• Supplied entries:
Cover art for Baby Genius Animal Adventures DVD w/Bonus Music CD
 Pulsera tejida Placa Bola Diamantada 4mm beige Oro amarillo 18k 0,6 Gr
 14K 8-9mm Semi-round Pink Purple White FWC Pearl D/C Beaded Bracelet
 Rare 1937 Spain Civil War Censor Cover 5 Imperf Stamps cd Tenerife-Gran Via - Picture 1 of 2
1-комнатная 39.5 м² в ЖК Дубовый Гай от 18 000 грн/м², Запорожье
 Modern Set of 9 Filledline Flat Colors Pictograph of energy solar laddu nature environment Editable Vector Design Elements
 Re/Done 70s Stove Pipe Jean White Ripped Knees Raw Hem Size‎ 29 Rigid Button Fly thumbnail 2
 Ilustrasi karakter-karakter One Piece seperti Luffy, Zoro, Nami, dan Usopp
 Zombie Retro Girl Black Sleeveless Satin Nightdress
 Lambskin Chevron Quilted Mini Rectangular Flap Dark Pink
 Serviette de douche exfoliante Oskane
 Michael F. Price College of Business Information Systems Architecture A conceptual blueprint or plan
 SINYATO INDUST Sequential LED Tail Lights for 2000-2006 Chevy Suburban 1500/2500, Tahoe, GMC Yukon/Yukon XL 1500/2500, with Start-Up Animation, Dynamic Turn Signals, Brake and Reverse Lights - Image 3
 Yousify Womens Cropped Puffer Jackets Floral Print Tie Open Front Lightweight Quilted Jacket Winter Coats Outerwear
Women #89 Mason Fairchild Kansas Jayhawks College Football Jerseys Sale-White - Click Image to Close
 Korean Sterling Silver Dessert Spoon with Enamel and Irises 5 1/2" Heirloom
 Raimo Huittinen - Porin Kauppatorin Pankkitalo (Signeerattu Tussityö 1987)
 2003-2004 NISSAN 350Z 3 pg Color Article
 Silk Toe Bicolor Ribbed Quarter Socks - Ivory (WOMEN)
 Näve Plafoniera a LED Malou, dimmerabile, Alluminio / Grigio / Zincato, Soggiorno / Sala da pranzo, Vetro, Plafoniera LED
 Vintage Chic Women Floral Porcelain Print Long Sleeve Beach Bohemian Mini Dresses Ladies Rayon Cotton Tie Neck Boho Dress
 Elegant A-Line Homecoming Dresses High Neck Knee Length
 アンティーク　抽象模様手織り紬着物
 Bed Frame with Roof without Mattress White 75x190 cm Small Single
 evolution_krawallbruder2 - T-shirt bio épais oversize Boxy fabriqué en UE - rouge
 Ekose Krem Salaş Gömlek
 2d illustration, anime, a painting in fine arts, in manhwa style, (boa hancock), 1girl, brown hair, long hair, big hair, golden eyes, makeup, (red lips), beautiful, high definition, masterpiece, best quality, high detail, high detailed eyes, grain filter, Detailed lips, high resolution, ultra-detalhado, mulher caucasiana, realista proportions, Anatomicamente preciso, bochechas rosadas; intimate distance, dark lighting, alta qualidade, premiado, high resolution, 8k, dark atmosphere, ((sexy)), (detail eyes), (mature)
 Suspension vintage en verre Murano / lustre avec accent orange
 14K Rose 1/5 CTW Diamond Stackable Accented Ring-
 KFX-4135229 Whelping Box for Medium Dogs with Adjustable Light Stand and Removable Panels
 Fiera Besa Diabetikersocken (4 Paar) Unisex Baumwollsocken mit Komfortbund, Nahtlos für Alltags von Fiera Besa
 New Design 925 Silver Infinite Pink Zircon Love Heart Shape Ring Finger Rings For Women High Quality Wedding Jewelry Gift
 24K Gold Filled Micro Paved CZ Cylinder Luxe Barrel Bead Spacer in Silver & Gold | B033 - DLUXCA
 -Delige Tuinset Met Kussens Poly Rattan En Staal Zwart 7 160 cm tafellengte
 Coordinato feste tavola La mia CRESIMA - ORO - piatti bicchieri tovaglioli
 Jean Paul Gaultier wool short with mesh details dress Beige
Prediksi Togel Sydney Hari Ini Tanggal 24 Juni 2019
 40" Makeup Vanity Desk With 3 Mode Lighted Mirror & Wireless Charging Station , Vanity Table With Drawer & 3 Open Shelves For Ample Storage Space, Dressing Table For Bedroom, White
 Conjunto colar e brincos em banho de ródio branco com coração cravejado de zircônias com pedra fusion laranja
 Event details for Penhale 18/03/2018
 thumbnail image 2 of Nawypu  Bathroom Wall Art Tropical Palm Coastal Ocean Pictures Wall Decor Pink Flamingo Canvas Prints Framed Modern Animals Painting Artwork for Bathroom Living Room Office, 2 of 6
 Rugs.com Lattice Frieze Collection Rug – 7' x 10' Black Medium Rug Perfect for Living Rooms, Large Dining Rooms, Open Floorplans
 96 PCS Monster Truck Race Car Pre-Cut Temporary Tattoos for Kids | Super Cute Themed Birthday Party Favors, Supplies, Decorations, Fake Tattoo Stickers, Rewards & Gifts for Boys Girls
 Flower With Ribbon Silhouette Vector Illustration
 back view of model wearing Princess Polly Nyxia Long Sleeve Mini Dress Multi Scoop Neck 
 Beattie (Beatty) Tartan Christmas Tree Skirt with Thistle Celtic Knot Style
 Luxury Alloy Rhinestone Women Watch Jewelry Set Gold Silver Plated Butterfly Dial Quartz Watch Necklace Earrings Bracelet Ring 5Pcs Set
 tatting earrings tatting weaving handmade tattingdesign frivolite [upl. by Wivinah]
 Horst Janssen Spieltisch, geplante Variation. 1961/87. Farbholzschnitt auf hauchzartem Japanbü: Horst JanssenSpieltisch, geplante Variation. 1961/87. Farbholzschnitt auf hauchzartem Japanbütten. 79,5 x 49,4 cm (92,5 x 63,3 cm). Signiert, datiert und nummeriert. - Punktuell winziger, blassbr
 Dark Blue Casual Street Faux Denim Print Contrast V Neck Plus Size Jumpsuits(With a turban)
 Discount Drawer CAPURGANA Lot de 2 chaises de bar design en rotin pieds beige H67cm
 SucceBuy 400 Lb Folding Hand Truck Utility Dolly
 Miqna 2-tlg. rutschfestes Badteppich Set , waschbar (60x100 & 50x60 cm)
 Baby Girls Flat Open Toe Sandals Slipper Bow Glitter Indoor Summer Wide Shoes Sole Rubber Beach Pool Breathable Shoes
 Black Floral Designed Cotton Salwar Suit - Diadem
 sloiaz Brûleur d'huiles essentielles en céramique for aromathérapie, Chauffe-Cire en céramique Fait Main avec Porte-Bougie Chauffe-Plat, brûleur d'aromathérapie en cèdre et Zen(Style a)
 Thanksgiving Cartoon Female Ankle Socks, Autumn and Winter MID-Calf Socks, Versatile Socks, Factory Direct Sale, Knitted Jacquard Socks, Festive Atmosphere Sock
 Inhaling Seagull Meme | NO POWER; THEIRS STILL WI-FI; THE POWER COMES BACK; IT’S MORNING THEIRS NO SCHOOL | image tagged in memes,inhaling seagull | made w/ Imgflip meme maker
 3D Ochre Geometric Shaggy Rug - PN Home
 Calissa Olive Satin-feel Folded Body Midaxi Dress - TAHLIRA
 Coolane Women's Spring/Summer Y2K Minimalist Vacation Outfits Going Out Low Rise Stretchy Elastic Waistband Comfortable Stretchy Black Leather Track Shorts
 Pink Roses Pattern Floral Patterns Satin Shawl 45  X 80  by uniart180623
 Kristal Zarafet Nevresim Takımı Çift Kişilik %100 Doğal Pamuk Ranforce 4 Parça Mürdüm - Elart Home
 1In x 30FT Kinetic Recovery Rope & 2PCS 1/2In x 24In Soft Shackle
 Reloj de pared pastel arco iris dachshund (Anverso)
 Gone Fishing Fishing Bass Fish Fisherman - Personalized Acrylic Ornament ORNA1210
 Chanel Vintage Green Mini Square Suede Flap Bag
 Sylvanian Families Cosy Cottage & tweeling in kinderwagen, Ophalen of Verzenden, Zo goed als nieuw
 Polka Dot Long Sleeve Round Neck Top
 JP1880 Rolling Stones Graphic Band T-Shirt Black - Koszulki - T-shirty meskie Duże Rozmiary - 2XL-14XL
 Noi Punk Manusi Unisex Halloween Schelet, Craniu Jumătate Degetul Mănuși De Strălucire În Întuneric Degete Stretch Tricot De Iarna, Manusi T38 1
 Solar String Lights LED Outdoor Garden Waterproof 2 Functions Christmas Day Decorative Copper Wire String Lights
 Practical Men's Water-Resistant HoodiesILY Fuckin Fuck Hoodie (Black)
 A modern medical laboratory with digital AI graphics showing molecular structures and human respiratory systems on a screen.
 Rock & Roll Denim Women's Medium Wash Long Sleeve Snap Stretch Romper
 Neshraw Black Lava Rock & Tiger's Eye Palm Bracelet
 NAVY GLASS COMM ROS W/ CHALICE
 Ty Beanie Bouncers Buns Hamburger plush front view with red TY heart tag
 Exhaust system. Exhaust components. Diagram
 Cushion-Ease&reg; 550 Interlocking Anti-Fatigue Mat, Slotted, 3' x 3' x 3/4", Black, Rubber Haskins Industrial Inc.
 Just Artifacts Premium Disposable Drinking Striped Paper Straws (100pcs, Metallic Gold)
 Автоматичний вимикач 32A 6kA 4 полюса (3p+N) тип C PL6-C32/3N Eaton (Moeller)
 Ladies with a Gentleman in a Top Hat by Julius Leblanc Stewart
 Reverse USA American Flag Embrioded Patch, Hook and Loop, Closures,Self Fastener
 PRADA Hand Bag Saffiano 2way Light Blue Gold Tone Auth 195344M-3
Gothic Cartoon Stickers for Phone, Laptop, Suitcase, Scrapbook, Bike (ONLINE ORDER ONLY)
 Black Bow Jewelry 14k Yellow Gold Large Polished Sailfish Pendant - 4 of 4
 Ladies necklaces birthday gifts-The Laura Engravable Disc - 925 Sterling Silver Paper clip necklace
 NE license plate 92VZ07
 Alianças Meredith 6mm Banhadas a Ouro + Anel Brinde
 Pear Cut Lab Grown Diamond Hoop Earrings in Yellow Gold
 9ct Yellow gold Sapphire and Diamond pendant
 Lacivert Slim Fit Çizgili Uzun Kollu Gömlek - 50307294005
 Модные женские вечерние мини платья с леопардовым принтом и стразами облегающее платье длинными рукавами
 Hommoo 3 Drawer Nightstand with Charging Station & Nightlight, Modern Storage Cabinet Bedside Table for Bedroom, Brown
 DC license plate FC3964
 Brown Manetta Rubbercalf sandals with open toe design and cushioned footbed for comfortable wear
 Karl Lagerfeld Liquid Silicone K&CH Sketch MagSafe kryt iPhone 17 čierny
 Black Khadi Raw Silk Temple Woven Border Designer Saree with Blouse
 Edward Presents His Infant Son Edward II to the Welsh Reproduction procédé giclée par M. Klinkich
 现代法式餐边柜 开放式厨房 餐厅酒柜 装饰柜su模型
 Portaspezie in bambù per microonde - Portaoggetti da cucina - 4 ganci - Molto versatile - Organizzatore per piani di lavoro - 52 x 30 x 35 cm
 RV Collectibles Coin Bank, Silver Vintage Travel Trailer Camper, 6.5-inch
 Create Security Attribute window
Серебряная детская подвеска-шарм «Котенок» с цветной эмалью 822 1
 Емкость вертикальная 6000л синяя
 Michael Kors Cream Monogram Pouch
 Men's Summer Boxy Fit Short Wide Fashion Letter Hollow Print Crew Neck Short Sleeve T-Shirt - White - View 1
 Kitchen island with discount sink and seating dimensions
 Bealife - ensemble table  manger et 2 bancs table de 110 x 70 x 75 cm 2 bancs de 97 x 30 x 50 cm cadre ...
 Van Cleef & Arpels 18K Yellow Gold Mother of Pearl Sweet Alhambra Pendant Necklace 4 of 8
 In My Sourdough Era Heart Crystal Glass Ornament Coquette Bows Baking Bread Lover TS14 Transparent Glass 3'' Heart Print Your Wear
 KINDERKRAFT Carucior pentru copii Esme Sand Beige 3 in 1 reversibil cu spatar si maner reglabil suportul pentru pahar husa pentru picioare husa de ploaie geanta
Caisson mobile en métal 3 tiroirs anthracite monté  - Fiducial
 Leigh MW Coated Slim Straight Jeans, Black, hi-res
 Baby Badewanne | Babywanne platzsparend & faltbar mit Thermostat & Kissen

• Requirement: Your task for the entries above: copy exactly the span starting with the line with "1-комнатная 39.5 м²" and going on through the line with "2d illustration, anime, a", both lines included, and nothing else.

• Exercise output:
1-комнатная 39.5 м² в ЖК Дубовый Гай от 18 000 грн/м², Запорожье
 Modern Set of 9 Filledline Flat Colors Pictograph of energy solar laddu nature environment Editable Vector Design Elements
 Re/Done 70s Stove Pipe Jean White Ripped Knees Raw Hem Size‎ 29 Rigid Button Fly thumbnail 2
 Ilustrasi karakter-karakter One Piece seperti Luffy, Zoro, Nami, dan Usopp
 Zombie Retro Girl Black Sleeveless Satin Nightdress
 Lambskin Chevron Quilted Mini Rectangular Flap Dark Pink
 Serviette de douche exfoliante Oskane
 Michael F. Price College of Business Information Systems Architecture A conceptual blueprint or plan
 SINYATO INDUST Sequential LED Tail Lights for 2000-2006 Chevy Suburban 1500/2500, Tahoe, GMC Yukon/Yukon XL 1500/2500, with Start-Up Animation, Dynamic Turn Signals, Brake and Reverse Lights - Image 3
 Yousify Womens Cropped Puffer Jackets Floral Print Tie Open Front Lightweight Quilted Jacket Winter Coats Outerwear
Women #89 Mason Fairchild Kansas Jayhawks College Football Jerseys Sale-White - Click Image to Close
 Korean Sterling Silver Dessert Spoon with Enamel and Irises 5 1/2" Heirloom
 Raimo Huittinen - Porin Kauppatorin Pankkitalo (Signeerattu Tussityö 1987)
 2003-2004 NISSAN 350Z 3 pg Color Article
 Silk Toe Bicolor Ribbed Quarter Socks - Ivory (WOMEN)
 Näve Plafoniera a LED Malou, dimmerabile, Alluminio / Grigio / Zincato, Soggiorno / Sala da pranzo, Vetro, Plafoniera LED
 Vintage Chic Women Floral Porcelain Print Long Sleeve Beach Bohemian Mini Dresses Ladies Rayon Cotton Tie Neck Boho Dress
 Elegant A-Line Homecoming Dresses High Neck Knee Length
 アンティーク　抽象模様手織り紬着物
 Bed Frame with Roof without Mattress White 75x190 cm Small Single
 evolution_krawallbruder2 - T-shirt bio épais oversize Boxy fabriqué en UE - rouge
 Ekose Krem Salaş Gömlek
 2d illustration, anime, a painting in fine arts, in manhwa style, (boa hancock), 1girl, brown hair, long hair, big hair, golden eyes, makeup, (red lips), beautiful, high definition, masterpiece, best quality, high detail, high detailed eyes, grain filter, Detailed lips, high resolution, ultra-detalhado, mulher caucasiana, realista proportions, Anatomicamente preciso, bochechas rosadas; intimate distance, dark lighting, alta qualidade, premiado, high resolution, 8k, dark atmosphere, ((sexy)), (detail eyes), (mature)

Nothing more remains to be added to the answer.